DEL BARCO: Deportations, immigration and the border remain themes of their work individually and together. They share a whimsical, avant-garde sensibility. Ibarra was born and raised in El Paso, Texas, across the border from Juarez, Mexico.

IBARRA: So I grew up with family on both sides, crossing the bridge, you know, every weekend to go see my abuelita in Juarez or mi tio, mi tia. But whenever I turned on the television, it was always white. And here I am, this brown girl. I just felt like I never saw myself represented.

DEL BARCO: Ibarra was the first in her family to go to college, where she learned about social justice movements. She began exploring her Mexican American identity by making films, like her humorous coming-of-age short, "Dirty Laundry: A Homemade Telenovela."

(SOUNDBITE OF FILM, "DIRTY LAUNDRY: A HOMEMADE TELENOVELA")

BIBBY OYUKIE ACOSTA: (As Sandra) My world, the border, starring me.

DEL BARCO: Ibarra went on to make a documentary called "Las Marthas." Broadcast on PBS, it featured debutantes in Laredo, Texas, who dress up in colonial-style ball gowns on George Washington's birthday.

(SOUNDBITE OF DOCUMENTARY, "LAS MARTHAS")

UNIDENTIFIED PERSON #1: We didn't cross the border. The border crossed us. My family has been under Spanish, Mexican and American governments and hasn't moved an inch.

DEL BARCO: For Peruvian American Rivera, the border was more of a concept.

RIVERA: You know, I grew up in New York, going to Peruvian restaurants for Inca Kola and talking to my abuela in Lima and hearing stories about the Shining Path and about bombings in Lima. And, like, I'm in New York, like, watching "Gilligan's Island" on TV, and I have Peruvian family that are facing, like, a guerrilla war. And what - like, what is that, you know? And so the border theorizing of a kind of third space, you know, was a way to get a grip on my own experience.

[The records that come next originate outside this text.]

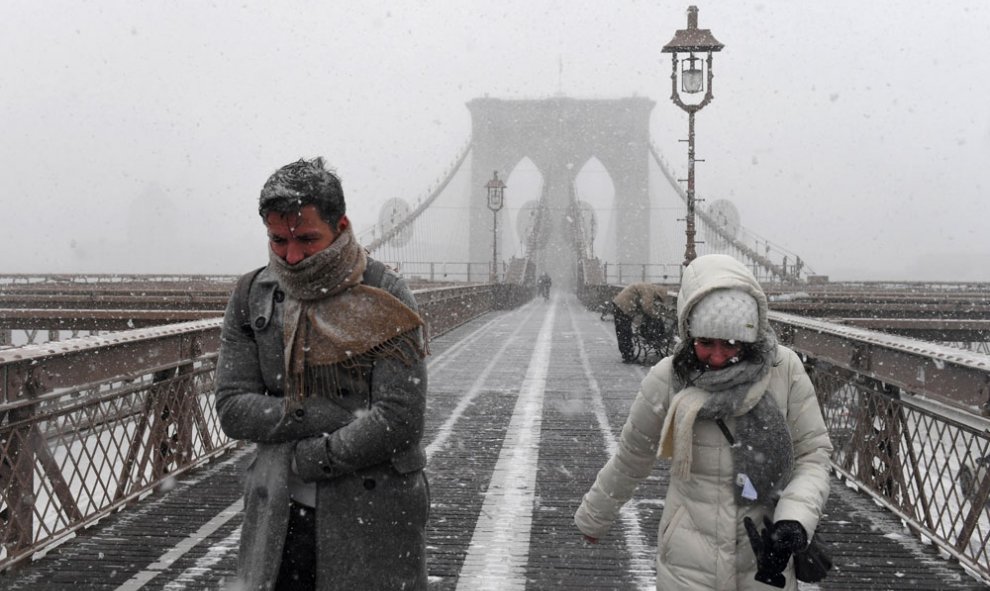 Varias personas caminan por el puente de Brooklyn, en Nueva York, en medio de la peor tormenta de la temporada en EEUU, que ha afectado a todo el noroeste del país.	REUTERS/Darren Ornitz
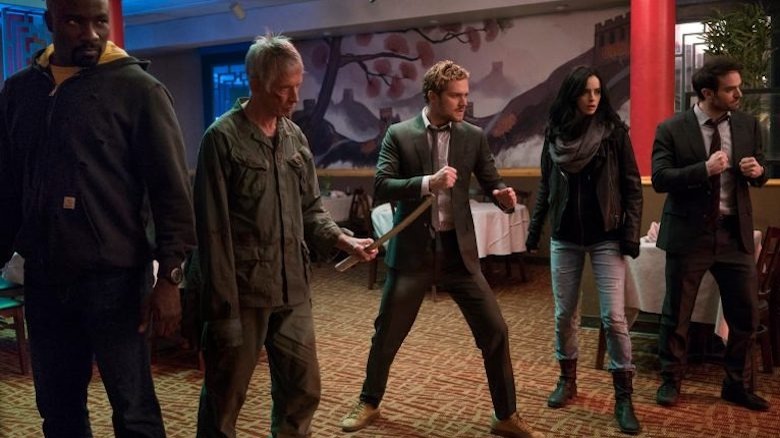 The Defenders in a restaurant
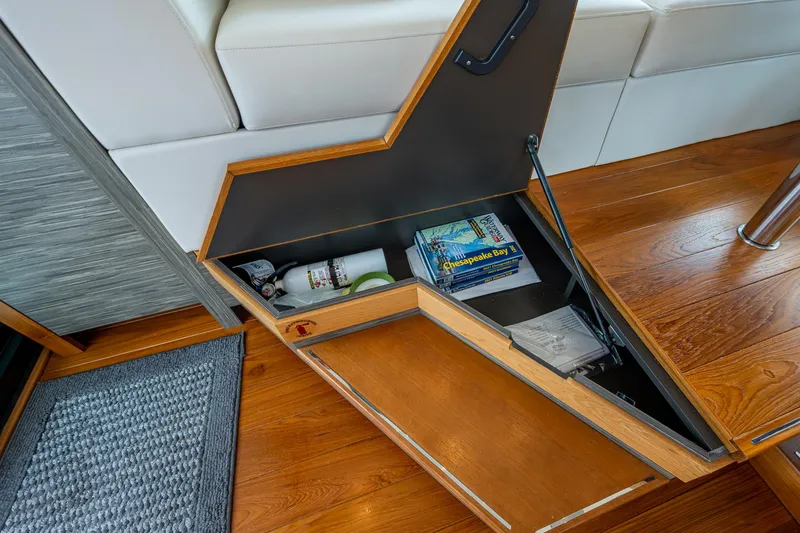  Yacht Photos Pics Open storage compartment in 2020 Tiara Yachts C44 Coupe with books and items inside.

DEL BARCO: As a teen, Rivera worked for folk musician Pete Seeger, who showed him how to mix art and political activism. In college, Rivera made his first film.

(SOUNDBITE OF DOCUMENTARY, "PAPAPAPA")

UNIDENTIFIED PERSON #2: Papa. Papa. Papa. Papa.

(SOUNDBITE OF MUSIC)

DEL BARCO: "Papapapa" was a humorous, experimental documentary about two Peruvian immigrants - the ancient Incan potato, the papa, and his immigrant father, his papa.

(SOUNDBITE OF MUSIC)

DEL BARCO: Later, Rivera made several sci-fi films about immigrant workers replaced by machines. Here's a clip from "Sleep Dealer," his 2008 cyberpunk thriller set on the U.S.-Mexico border.

(SOUNDBITE OF FILM, "SLEEP DEALER")

UNIDENTIFIED ACTOR #1: (As character) Let our robotics do your dirty work. Safe. Reliable. We make America strong.

DEL BARCO: Rivera and Ibarra had a daughter and got married in 2018. They also teamed up to make a film about a group of young undocumented immigrants, DREAMers who went undercover in a Florida detention center.

(SOUNDBITE OF FILM, "THE INFILTRATORS")

UNIDENTIFIED ACTOR #2: (As character) Our mission? Stop the deportations. Our strategy? Organize, escalate, shut something down.

DEL BARCO: "The Infiltrators" was a hybrid film based on real events, part documentary, part scripted reenactment. It premiered at the Sundance Film Festival in 2019.

MARLIES CARRUTH: We just thought their work was phenomenal.

DEL BARCO: Marlies Carruth is program director of the MacArthur Fellows Program.

CARRUTH: Cristina shows deep respect for ritual and ancestry. But Alex's lens is more of an impatient activist.

DEL BARCO: Together, Rivera and Ibarra say their MacArthur awards will allow them to continue what they love.

RIVERA: Make experimental work, punk the system, build our own thing outside of Hollywood.

DEL BARCO: Now they'll have the funds to make more movies their way. Mandalit del Barco, NPR News, Los Angeles.